Father Joseph Marina. Courtesy Church of St. Francis Xavier.
Father Joseph Marina. Courtesy Church of St. Francis Xavier.

BY DUSICA SUE MALESEVIC | The Pope is the hottest ticket in town.

For two days — Sept. 24 and 25 — Pope Francis will make a historic visit to New York City. In the two events open to the public and Catholic parishioners, tickets have been in high demand.

On Fri., Sept. 25, between around 4 p.m. and 6 p.m., there will be a motorcade through Central Park. According to the mayor’s office, 93,143 New Yorkers entered the lottery to see Pope Francis’ procession. The lottery was open to New York state residents, and a total of 80,000 New Yorkers will get their chance to see the Pope, according to the mayor’s office.

“The overwhelming response we received from New Yorkers throughout the state made clear: Pope Francis is one of the world’s most important voices, and his historic visit to New York City will be an unforgettable experience,” said Mayor Bill de Blasio in a press release.

After Central Park, tickets for the Pope’s second event, a Mass at Madison Square Garden at 6 p.m., were also highly sought after.

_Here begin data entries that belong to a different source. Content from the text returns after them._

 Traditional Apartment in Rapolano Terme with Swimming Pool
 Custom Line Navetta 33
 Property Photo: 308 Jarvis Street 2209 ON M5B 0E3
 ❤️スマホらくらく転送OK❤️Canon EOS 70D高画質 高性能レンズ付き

In Chelsea, at the Church of St. Francis Xavier at 55 W. 15th St. (btw. Fifth & Sixth Aves.), 19 tickets were allotted for the church’s parishioners, Father Joseph Marina noted in a phone interview. 

“We’ve been focusing on the Papal Mass in Madison Square Garden on Friday, the 25th,” he said. “Every parish in the Archdiocese of New York was given an allotment of tickets for the Mass, and that number is different for each parish, based on the size of their registration.”

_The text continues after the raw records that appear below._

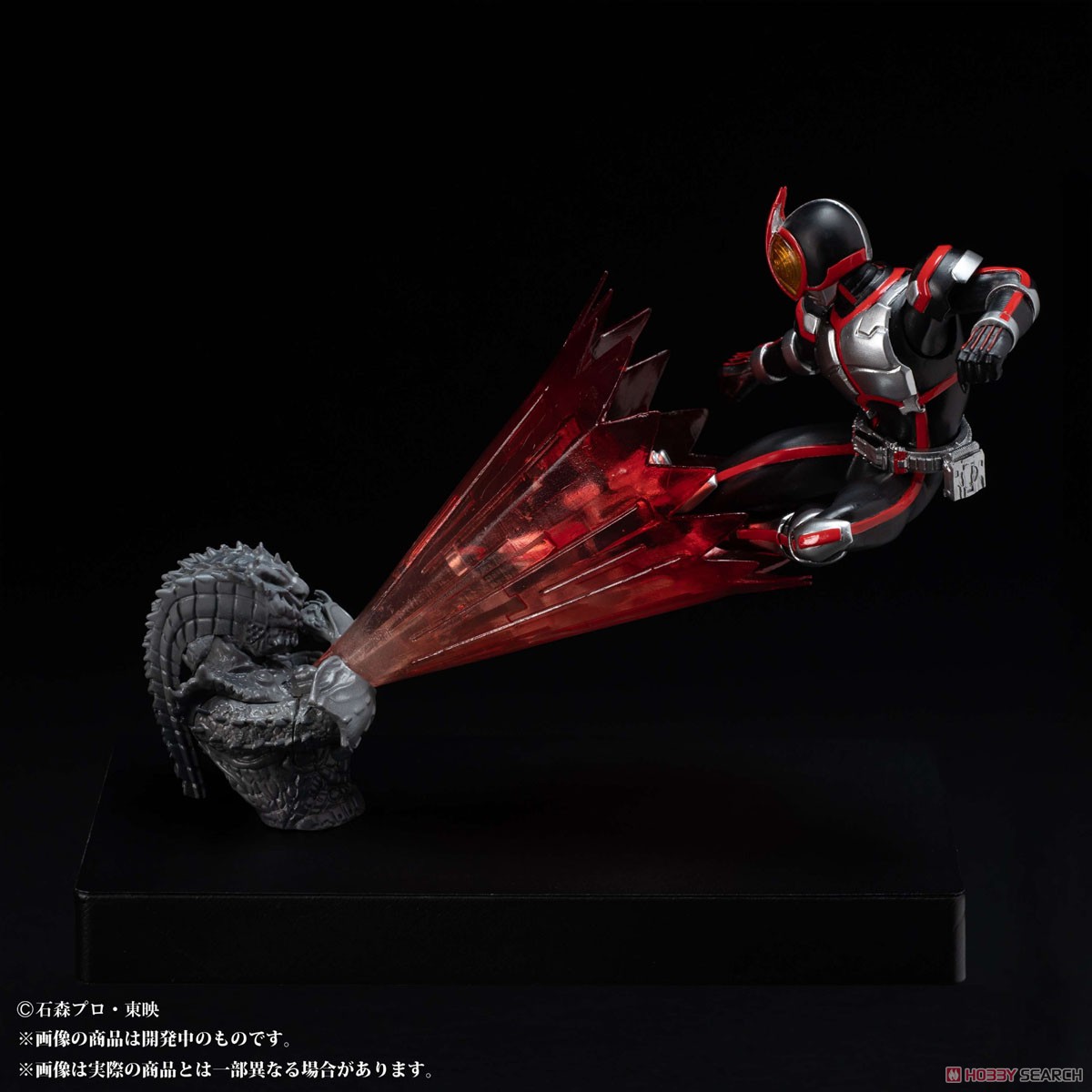 Glow In The Dark『仮面ライダーファイズ』仮面ライダー555 完成品フィギュア-003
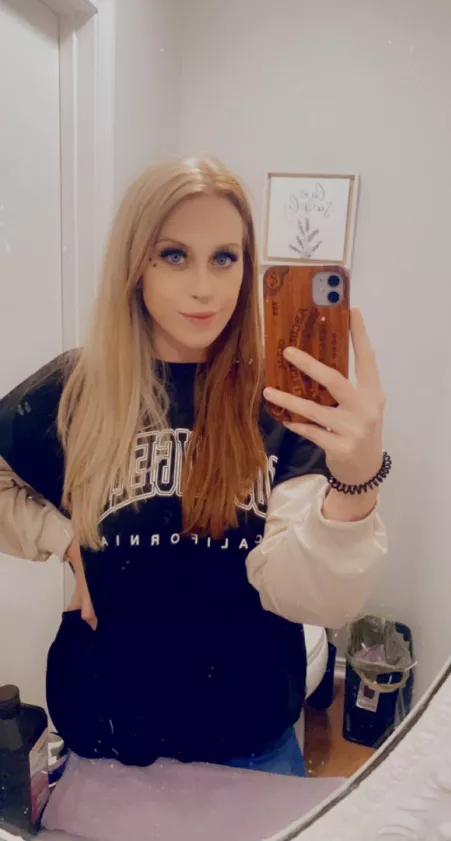 throwback to when i bleached one side of my ginger hair ๐
 as you see itโs orange there now! ๐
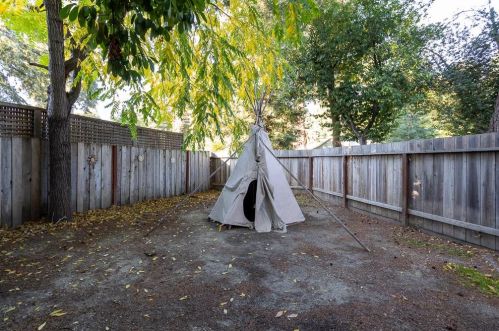 212 Riverside Ave, Ben Lomond CA  95005-9588 exterior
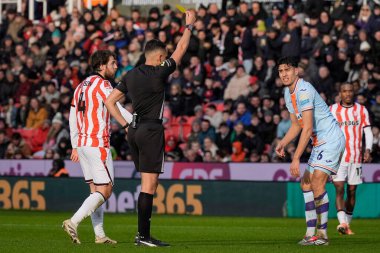 Hakem Ruebyn Ricardo, Swansea City 'li Marko Stameni' ye Stoke City ile Swansea City arasındaki 13 Aralık 2025 'te Bet365 Stadyumu' nda oynanan maçta sarı kart verdi.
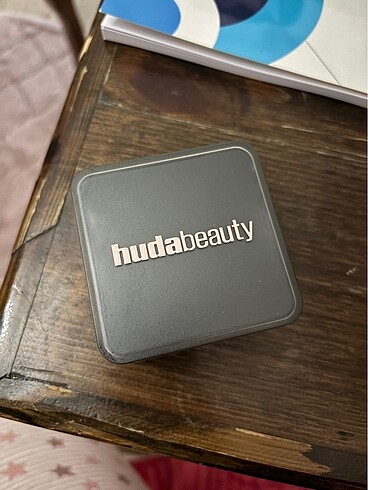 huda beauty banana bread pudra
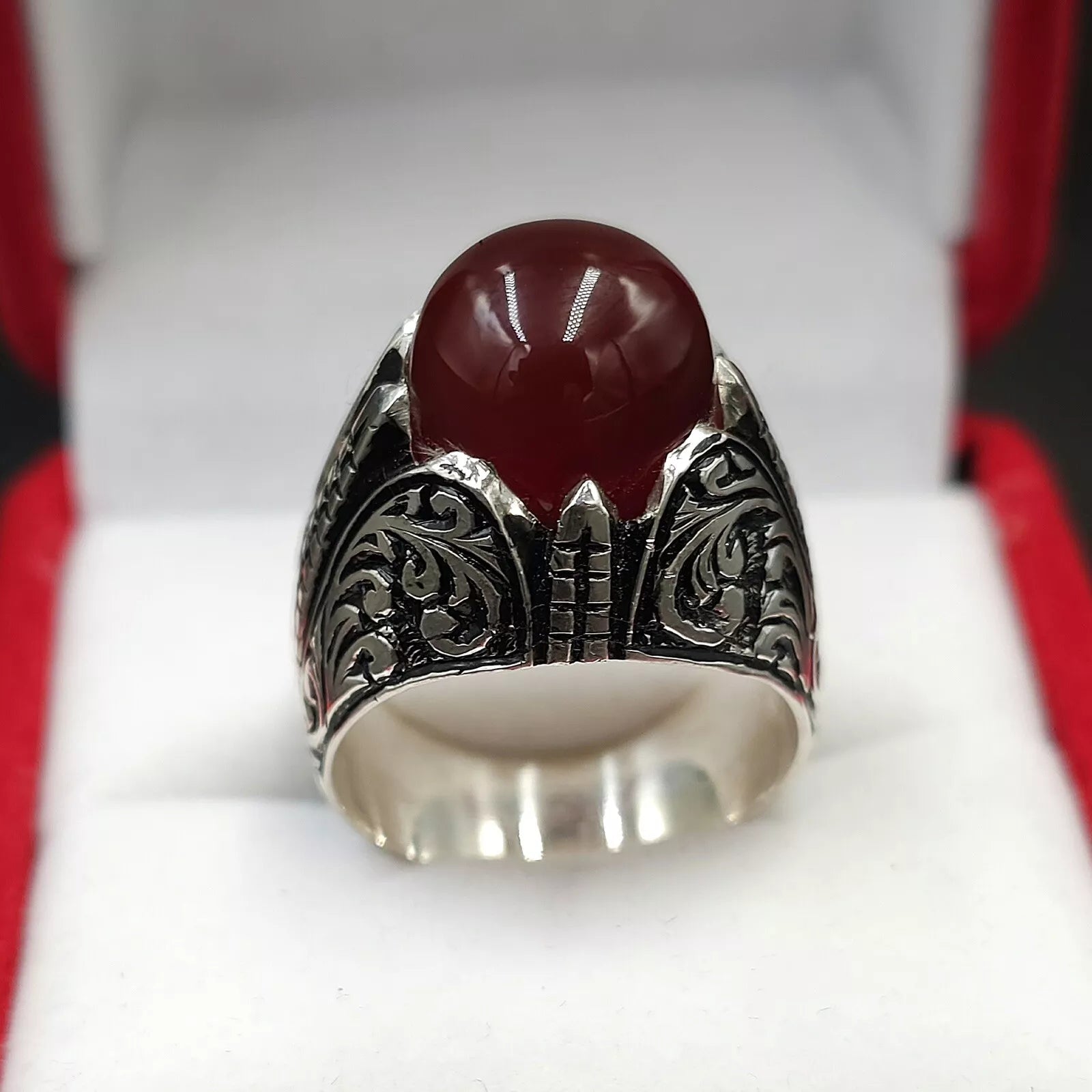 Blood Red Aqeeq Ring - Sterling Silver Natural Men's Agate Ring - Heavenly Gems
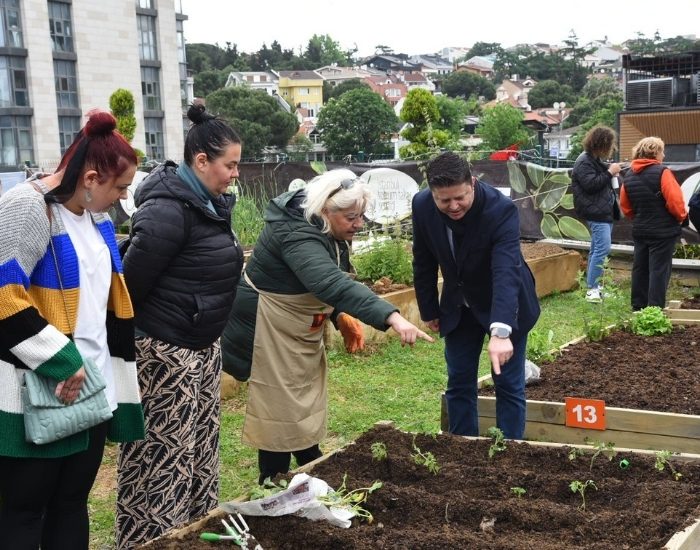 Kadıköy’de fideler toprakla buluşuyor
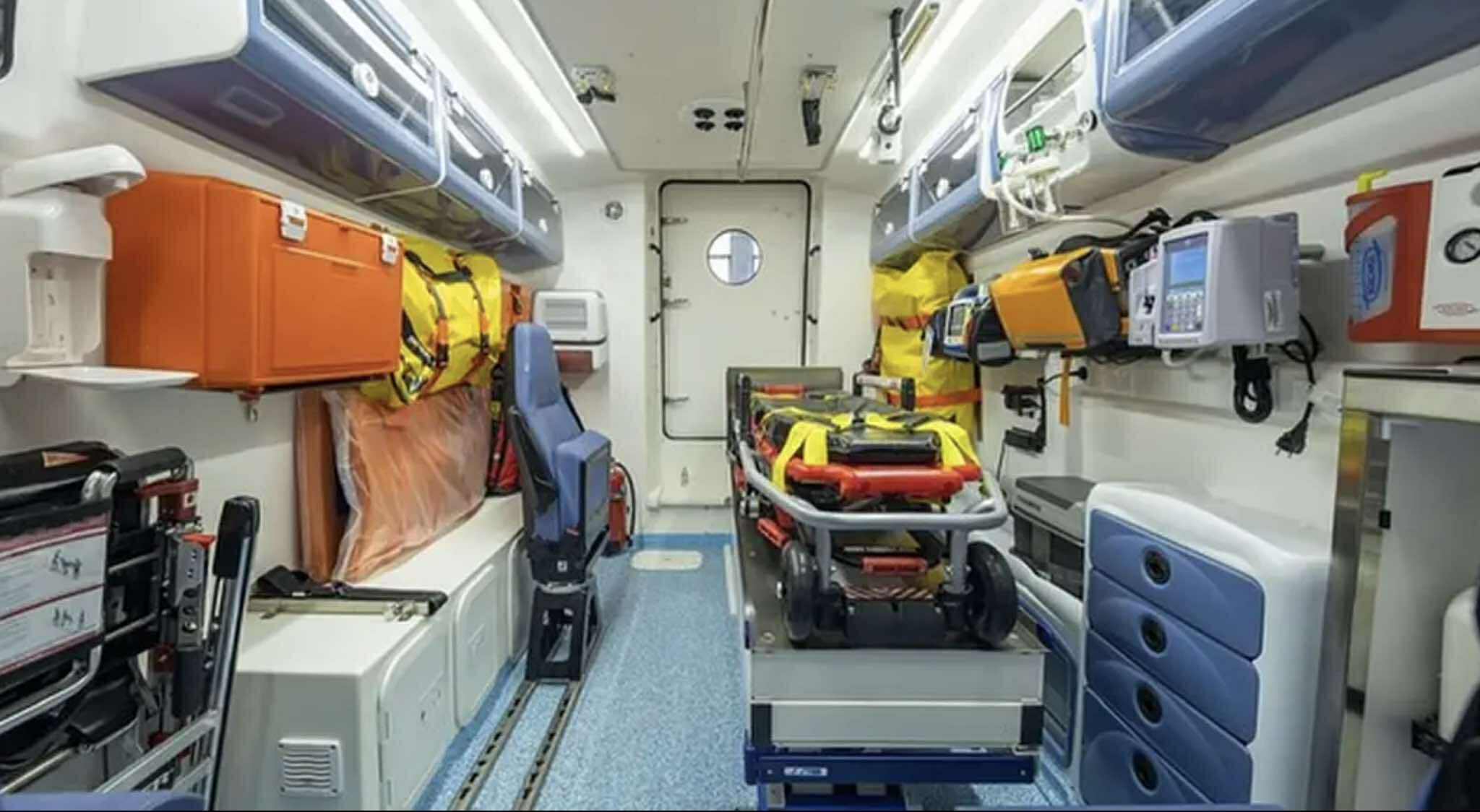 Ιεράπετρα: Παραδόθηκε το νέο πλωτό ασθενοφόρο του Λιμενικού Σώματος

Fr. Marina said there were so many requests for those 19 tickets that the only fair way to distribute them was through a lottery.

“We made the phone calls to those who won, and without exception, everyone was just ecstatic. Some were even screaming so loudly we had to hold the phone away from our ears,” he said with a laugh. “So we’re all looking forward to Friday.”

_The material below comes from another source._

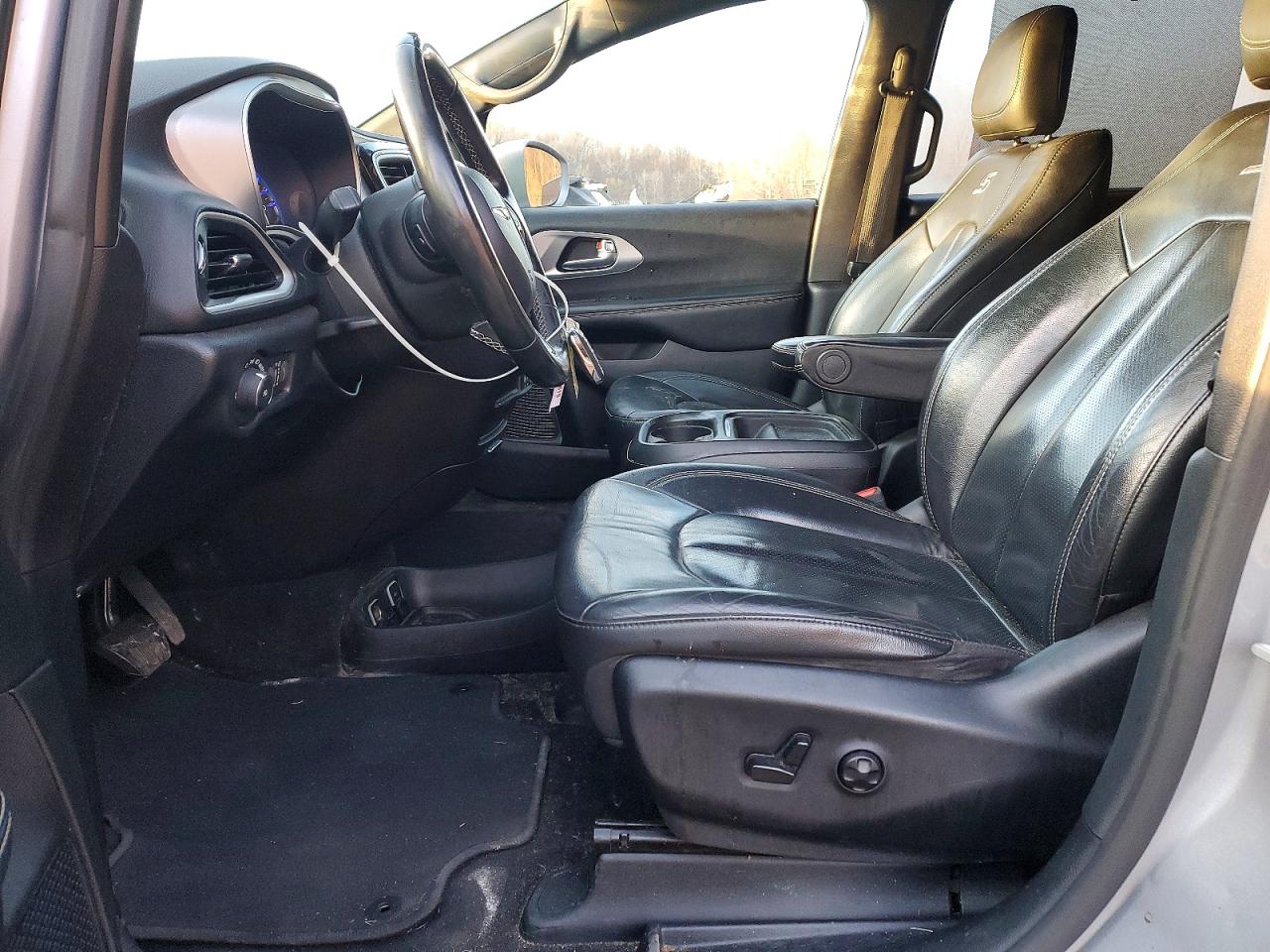 Chrysler Pacifica Touring L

The Church of St. Francis Xavier has three full-time priests, he said, and they, like the other priests in the Archdiocese, were invited to celebrate the Mass with Pope Francis.

The priests will be together in their own section at Madison Square Garden, which can hold over 19,000 people. These tickets were separate from those allocated to the parishioners and other Catholic organizations, nonprofits and schools, said Fr. Marina.

This means that the priests will concelebrate the Mass with the Pope.

“So when a priest celebrates the Mass, he’s usually by himself,” Fr. Marina explained. “But sometimes he’s joined by other priests. Then he would still be referred to as celebrating the Mass, and the other priests who joined him would be concelebrating. That’s when they formally participate in the Eucharistic prayers of the Mass.

“There will be hundreds of priests concelebrating the Mass with the Pope,” he added, including Cardinal Timothy M. Dolan, the Archbishop of New York.

The popular Pope Francis has a full schedule during his visit, according to popefrancisvisit.com. On Thursday, he will pray at the evening prayers at St. Patrick’s Cathedral in Midtown.

The next morning at 8:30 a.m., he will address the United Nations General Assembly. Then Pope Francis will visit the 9/11 Memorial, where he will likely pray, according to the website.

He will then go to Our Lady Queen of Angels, an elementary school in East Harlem, before heading to Central Park for the procession.

For Fr. Marina and his parishioners, this is “obviously a very exciting time. After really capturing the hearts of the world by his great pastoral style that he’s been demonstrating in so many ways since he was elected. The fact that the Holy Father is coming to the United States, and especially to New York, brings it home to us. It brings him local. We’re hoping to get as close a look at him as we can.”